Known-solution protocols tend to have slightly lower variance than unbounded probabilistic protocols because the variance of a rectangular distribution is lower than the variance of a Poisson distribution (with the same mean). A generic technique for reducing variance is to use multiple independent sub-challenges, as the average of multiple samples will have a lower variance.

There are also fixed-cost functions such as the time-lock puzzle.

Moreover, the underlying functions used by these schemes may be:
- CPU-bound where the computation runs at the speed of the processor, which greatly varies in time, as well as from high-end server to low-end portable devices.
- Memory-bound where the computation speed is bound by main memory accesses (either latency or bandwidth), the performance of which is expected to be less sensitive to hardware evolution.
- Network-bound if the client must perform few computations, but must collect some tokens from remote servers before querying the final service provider. In this sense, the work is not actually performed by the requester, but it incurs delays anyway because of the latency to get the required tokens.

Finally, some PoW systems offer shortcut computations that allow participants who know a secret, typically a private key, to generate cheap PoWs. The rationale is that mailing-list holders may generate stamps for every recipient without incurring a high cost. Whether such a feature is desirable depends on the usage scenario.

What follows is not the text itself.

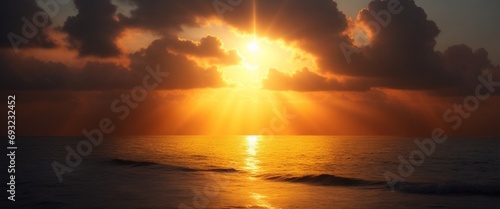 Imagine a mystical sunset over a vast sea, with golden rays of light peeking through the clouds and casting a warm glow over the water.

== List of proof-of-work functions ==
Here is a list of known proof-of-work functions:

- Integer square root modulo a large prime
- Weaken Fiat–Shamir signatures
- Ong–Schnorr–Shamir signature broken by Pollard
- Partial hash inversion This paper formalizes the idea of a proof of work and introduces "the dependent idea of a bread pudding protocol", a "re-usable proof-of-work" (RPoW) system.
- Hash sequences
- Puzzles
- Diffie-Hellman–based puzzle
- Moderate
- Mbound
- Hokkaido
- Cuckoo Cycle
- Merkle tree–based
- Guided tour puzzle protocol
- partial match of a hash function

== Proof of useful work (PoUW) ==

At the IACR conference Crypto 2022 researchers presented a paper describing Ofelimos, a blockchain protocol with a consensus mechanism based on "proof of useful work" (PoUW). Rather than miners consuming energy in solving complex, but essentially useless, puzzles to validate transactions, Ofelimos achieves consensus while simultaneously providing a decentralized optimization problem solver. The protocol is built around Doubly Parallel Local Search (DPLS), a local search algorithm that is used as the PoUW component. The paper gives an example that implements a variant of WalkSAT, a local search algorithm to solve Boolean problems.

== Optimisable Proof of Work (OPoW) ==
Optimisable proof of work (OPoW) is a variant of proof of work in which the proof-of-work algorithms themselves can be optimised without causing network instability or centralisation. Unlike standard PoW, where miners compete to solve arbitrary cryptographic puzzles, and PoUW systems, which direct computational effort toward real-world problems, OPoW integrates multiple proof-of-work challenges—drawn from computational science problems such as Boolean satisfiability, capacitated vehicle routing, and the knapsack problem—and binds them together through an influence calculation that distributes block rewards proportionally. The mechanism incentivises two categories of participants: miners who compute solutions and are rewarded for adopting the most efficient algorithms, and algorithm contributors who develop and submit improved algorithms and earn rewards based on their adoption by miners. By decoupling the solving of computational problems from block creation, OPoW allows many solutions to be found per block, effectively creating a synthetic market for algorithms.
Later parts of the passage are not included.